* _What is being asked_: When a line of the entries contains "with", please list that line.

* _Source data_:
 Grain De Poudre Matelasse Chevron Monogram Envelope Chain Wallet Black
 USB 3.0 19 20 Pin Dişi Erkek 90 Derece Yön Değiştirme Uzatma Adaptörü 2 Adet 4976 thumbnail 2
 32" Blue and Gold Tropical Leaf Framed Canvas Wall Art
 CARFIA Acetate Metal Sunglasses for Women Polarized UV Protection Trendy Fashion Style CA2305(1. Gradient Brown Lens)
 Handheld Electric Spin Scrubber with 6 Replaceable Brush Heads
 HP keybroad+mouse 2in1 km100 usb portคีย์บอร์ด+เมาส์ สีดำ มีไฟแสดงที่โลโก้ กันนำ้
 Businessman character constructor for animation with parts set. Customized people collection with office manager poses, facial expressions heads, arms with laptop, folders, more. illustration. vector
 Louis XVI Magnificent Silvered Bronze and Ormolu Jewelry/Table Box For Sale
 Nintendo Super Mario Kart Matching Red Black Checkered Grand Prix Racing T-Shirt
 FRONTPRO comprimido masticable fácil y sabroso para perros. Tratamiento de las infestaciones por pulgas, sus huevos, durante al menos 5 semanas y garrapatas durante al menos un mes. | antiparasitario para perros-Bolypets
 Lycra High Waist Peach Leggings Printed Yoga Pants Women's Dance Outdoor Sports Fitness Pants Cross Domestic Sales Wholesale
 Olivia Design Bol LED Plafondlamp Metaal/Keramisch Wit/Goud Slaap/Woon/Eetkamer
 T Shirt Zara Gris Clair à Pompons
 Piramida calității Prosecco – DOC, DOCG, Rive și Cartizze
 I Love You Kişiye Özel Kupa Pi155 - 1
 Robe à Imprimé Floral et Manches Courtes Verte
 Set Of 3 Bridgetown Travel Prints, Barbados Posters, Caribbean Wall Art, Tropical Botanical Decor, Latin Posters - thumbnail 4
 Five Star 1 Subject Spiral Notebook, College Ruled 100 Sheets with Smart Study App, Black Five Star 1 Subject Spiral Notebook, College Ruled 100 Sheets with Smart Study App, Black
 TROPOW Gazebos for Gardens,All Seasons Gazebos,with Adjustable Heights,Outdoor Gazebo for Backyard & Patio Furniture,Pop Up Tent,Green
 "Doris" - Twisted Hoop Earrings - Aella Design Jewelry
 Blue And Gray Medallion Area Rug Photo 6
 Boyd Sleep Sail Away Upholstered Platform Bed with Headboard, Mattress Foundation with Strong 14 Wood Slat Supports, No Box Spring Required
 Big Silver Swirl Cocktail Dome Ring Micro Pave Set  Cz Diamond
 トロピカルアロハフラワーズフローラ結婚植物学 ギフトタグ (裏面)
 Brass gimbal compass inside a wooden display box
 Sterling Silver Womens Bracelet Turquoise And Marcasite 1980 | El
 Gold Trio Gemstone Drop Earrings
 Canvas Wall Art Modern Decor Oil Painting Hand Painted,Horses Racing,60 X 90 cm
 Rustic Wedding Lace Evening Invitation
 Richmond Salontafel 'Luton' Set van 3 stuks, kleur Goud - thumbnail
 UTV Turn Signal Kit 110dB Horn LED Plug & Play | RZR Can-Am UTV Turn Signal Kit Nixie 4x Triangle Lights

* _Task response_:
 Handheld Electric Spin Scrubber with 6 Replaceable Brush Heads
 Businessman character constructor for animation with parts set. Customized people collection with office manager poses, facial expressions heads, arms with laptop, folders, more. illustration. vector
 Five Star 1 Subject Spiral Notebook, College Ruled 100 Sheets with Smart Study App, Black Five Star 1 Subject Spiral Notebook, College Ruled 100 Sheets with Smart Study App, Black
 TROPOW Gazebos for Gardens,All Seasons Gazebos,with Adjustable Heights,Outdoor Gazebo for Backyard & Patio Furniture,Pop Up Tent,Green
 Boyd Sleep Sail Away Upholstered Platform Bed with Headboard, Mattress Foundation with Strong 14 Wood Slat Supports, No Box Spring Required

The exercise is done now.